▸ Requirement: Below are records; from the line containing "GoGo squeeZ Fruit" through the very last line, output each line exactly. No pictures.

[Web page caption snippets]
%%
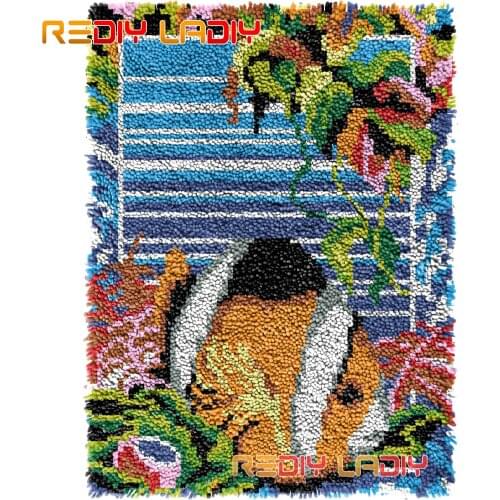 Latch Hook Rug Yellow Fish Crocheting Wall Tapestry Kits DIY Carpet Rug Chunky Yarn Needlework Knitted Floor Mat Hobby & Crafts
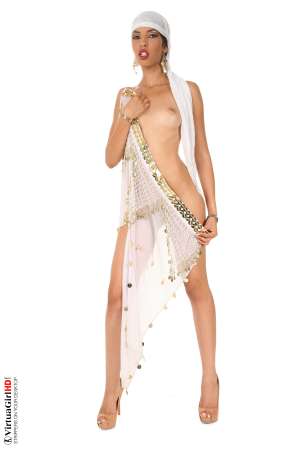 Stripper Picture of Jasmine Arabia - Ya Habibi means 'my love one' and is the most common term of endearment in Morocco. It comes in handy any time you see Jasmine Arabia and it's fun to say. Call her in her own native tongue to catch her attention and let her belly-dance her way toward you for the start of a romantic interlude that will have you wanting to stay in her homeland forever!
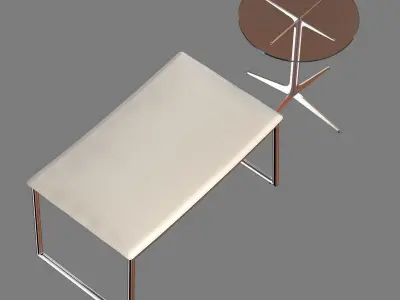 cb2 triumph chalk ottoman and custom made round side table with  3D model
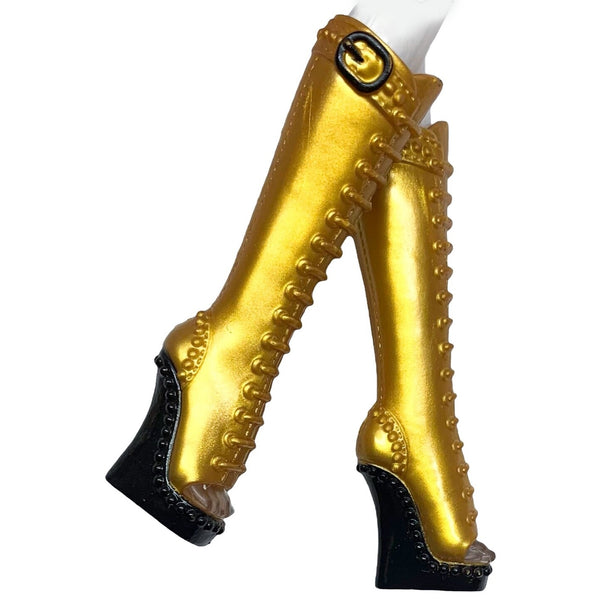 Monster High Clawdeen Wolf I Heart Fashion Doll Replacement Tall Gold & Black Shoes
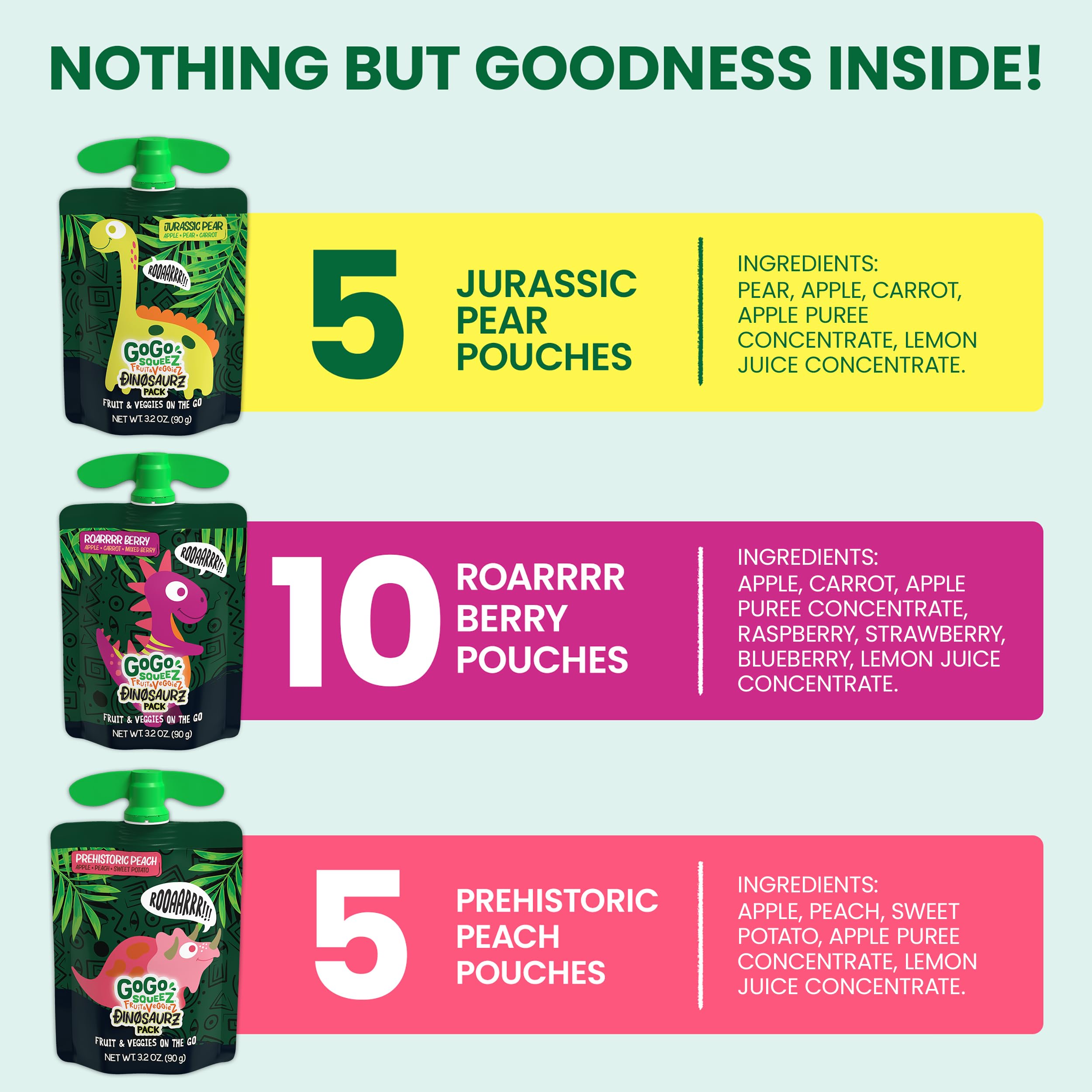 GoGo squeeZ Fruit & veggieZ Applesauce and Puree Variety Pack, Jurassic Pear, Roarrrr Berry & Prehistoric Peach, 3.2 oz (Pack of 20), Unsweetened Snacks for Kids, BPA Free Pouches: Dino Variety Pack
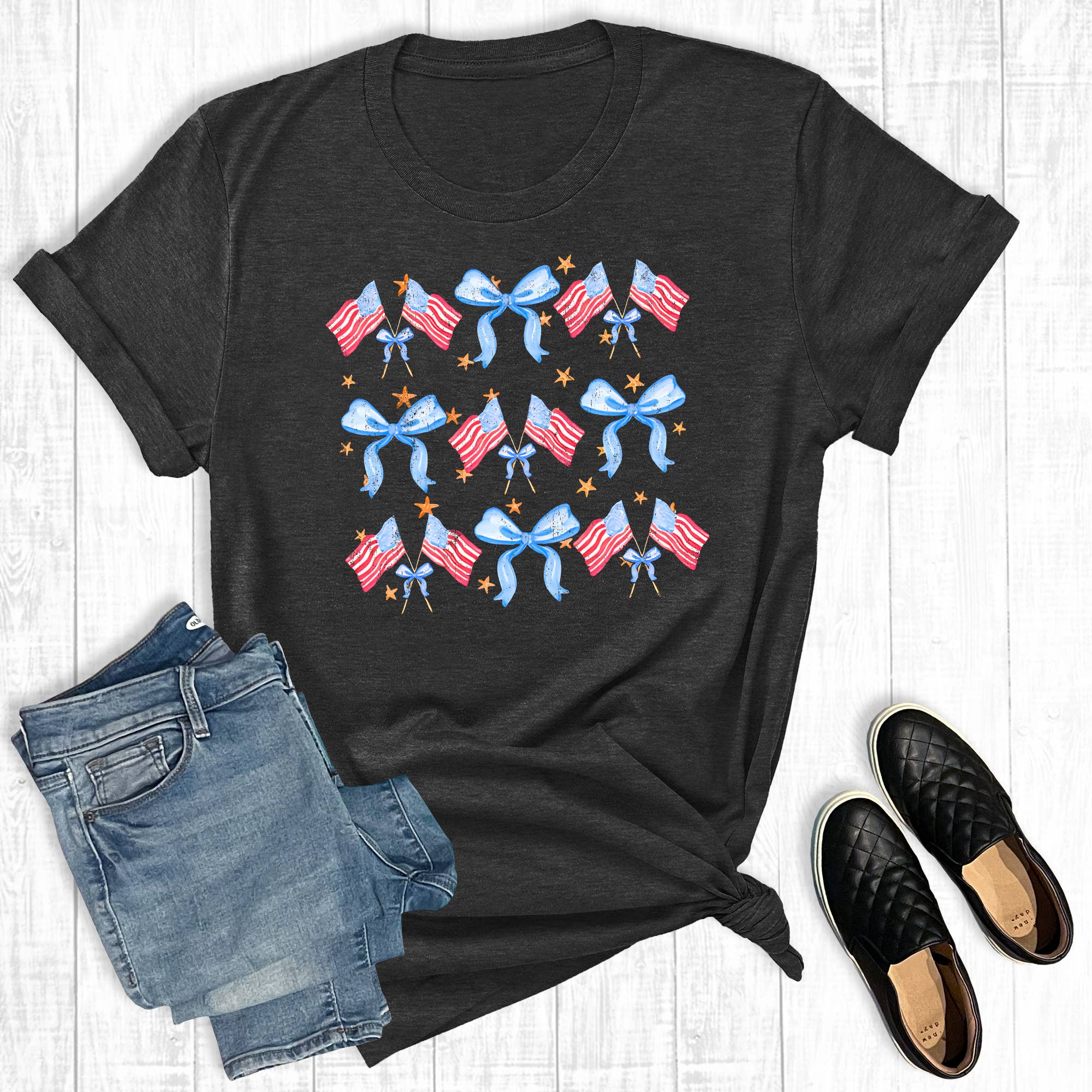 Retro Fourth of July Coquette American Flags Graphic Tee Hoodie, Sweatshirt | PodTeesHub.com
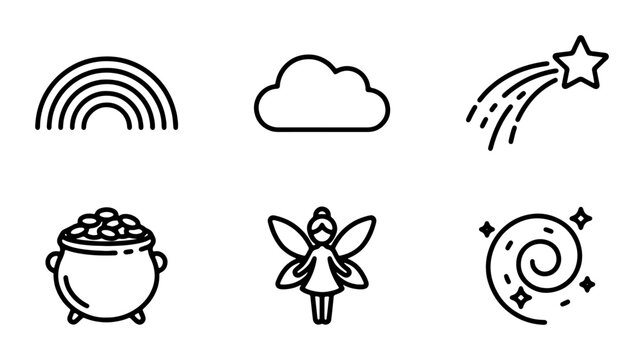 Magic Icons Set, Rainbow, Cloud, Shooting Star, Pot of Gold, Fairy, Swirl, Vector Graphics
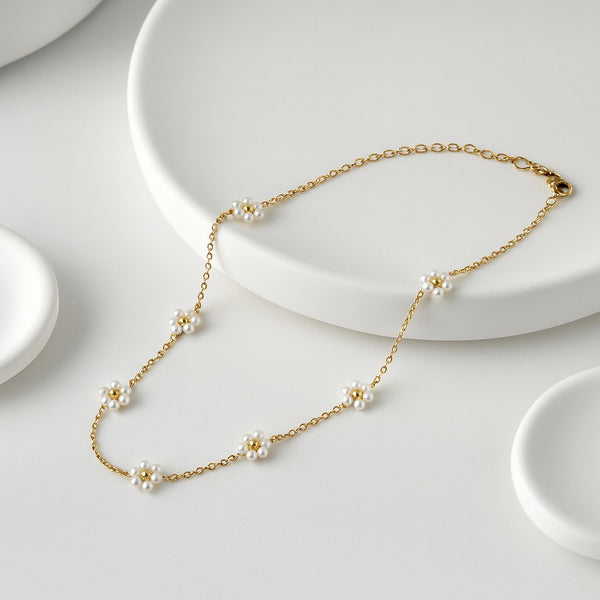 Golden Pearl Chain Necklace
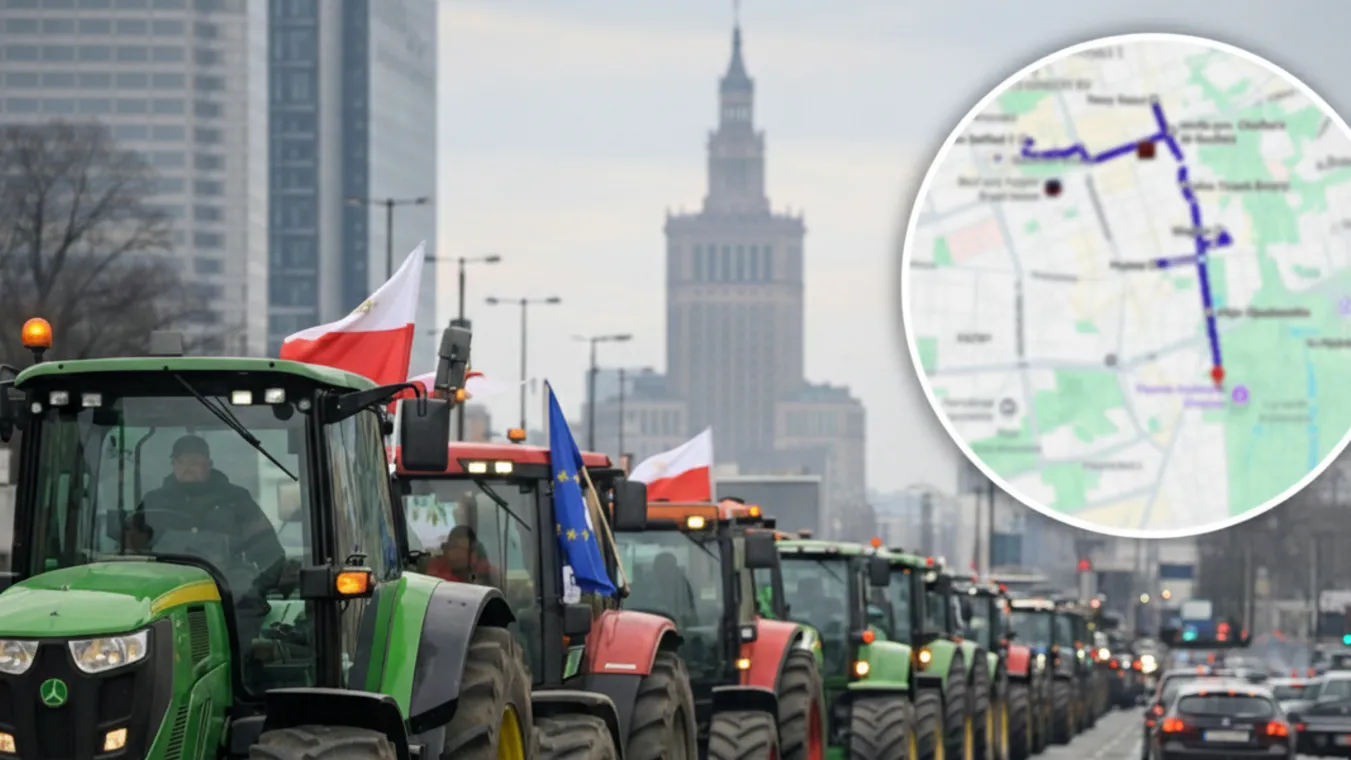 Strajk rolników w Warszawie. Nawet 1000 ciągników w stolicy [TRASA i MAPA]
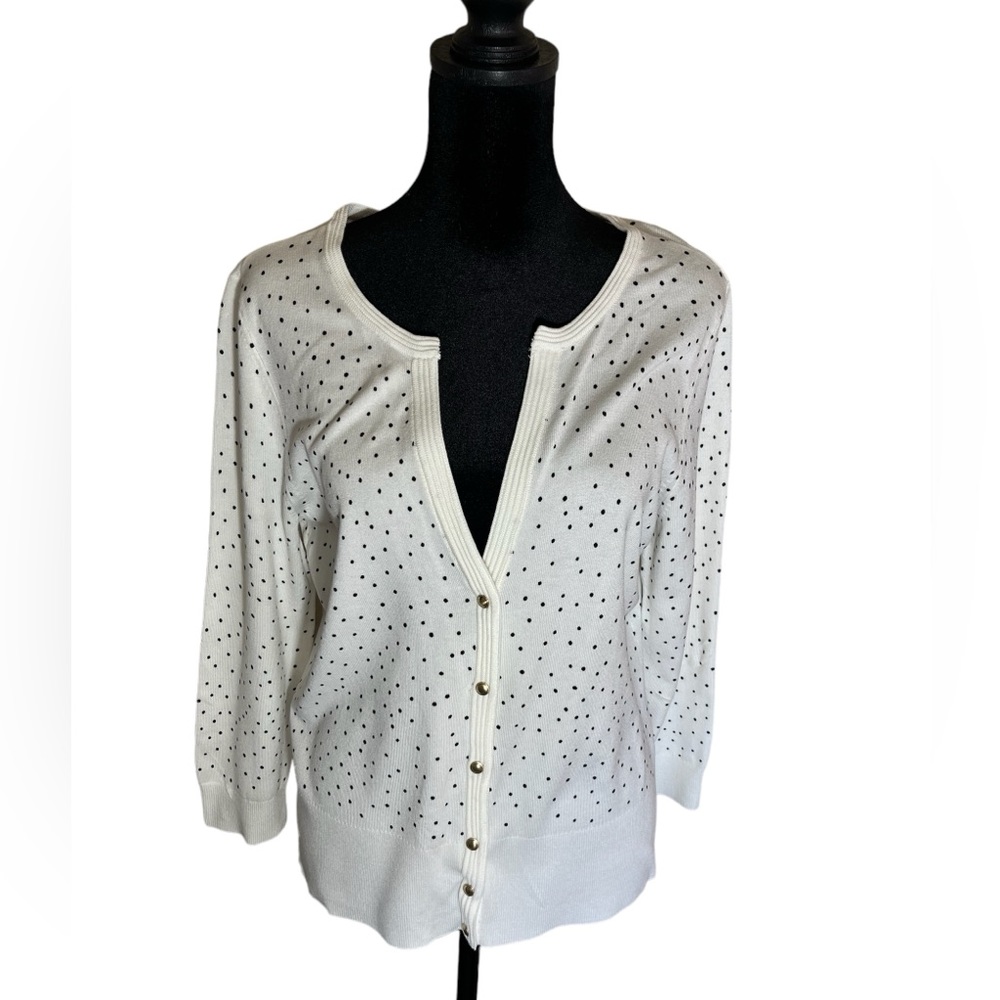 White House Black Market White Black Polka Dots Button Snap in Gold Size Large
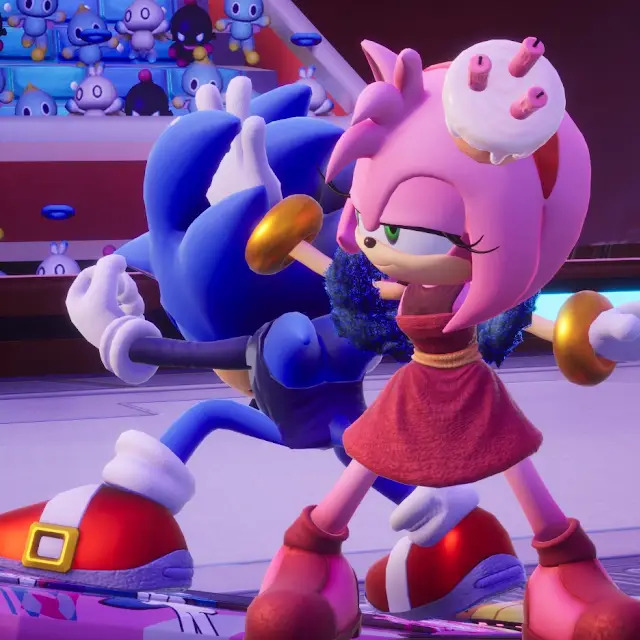 Amy brushes Sonic's quills Blank Meme Template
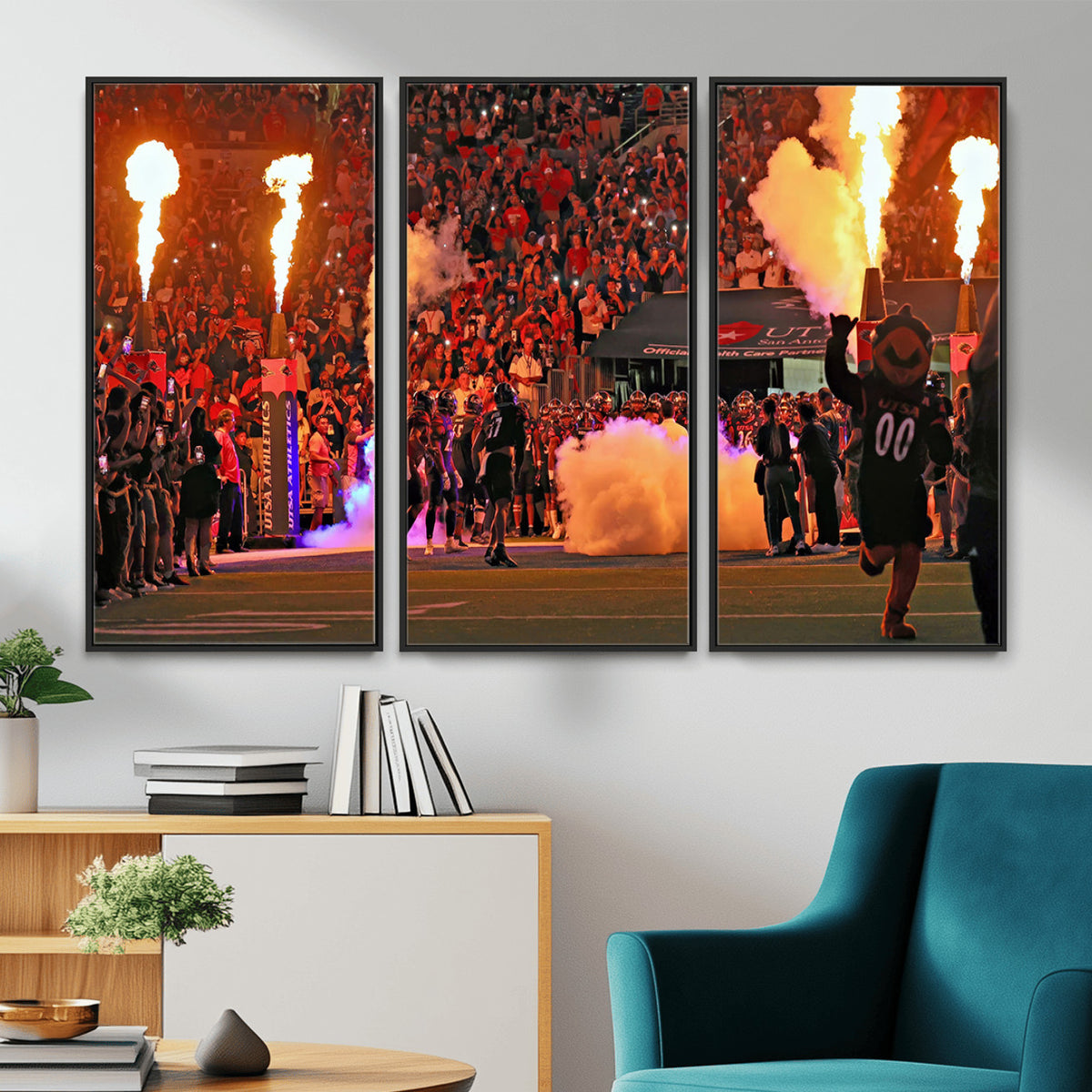 98664-MGV-CV-36X24 - The University of Texas at San Antonio Roadrunners Football Team Print, Extra Large Game Room Wall Decor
%%
▸ Answer space:
 GoGo squeeZ Fruit & veggieZ Applesauce and Puree Variety Pack, Jurassic Pear, Roarrrr Berry & Prehistoric Peach, 3.2 oz (Pack of 20), Unsweetened Snacks for Kids, BPA Free Pouches: Dino Variety Pack
 Retro Fourth of July Coquette American Flags Graphic Tee Hoodie, Sweatshirt | PodTeesHub.com
 Magic Icons Set, Rainbow, Cloud, Shooting Star, Pot of Gold, Fairy, Swirl, Vector Graphics
 Golden Pearl Chain Necklace
 Strajk rolników w Warszawie. Nawet 1000 ciągników w stolicy [TRASA i MAPA]
 White House Black Market White Black Polka Dots Button Snap in Gold Size Large
 Amy brushes Sonic's quills Blank Meme Template
 98664-MGV-CV-36X24 - The University of Texas at San Antonio Roadrunners Football Team Print, Extra Large Game Room Wall Decor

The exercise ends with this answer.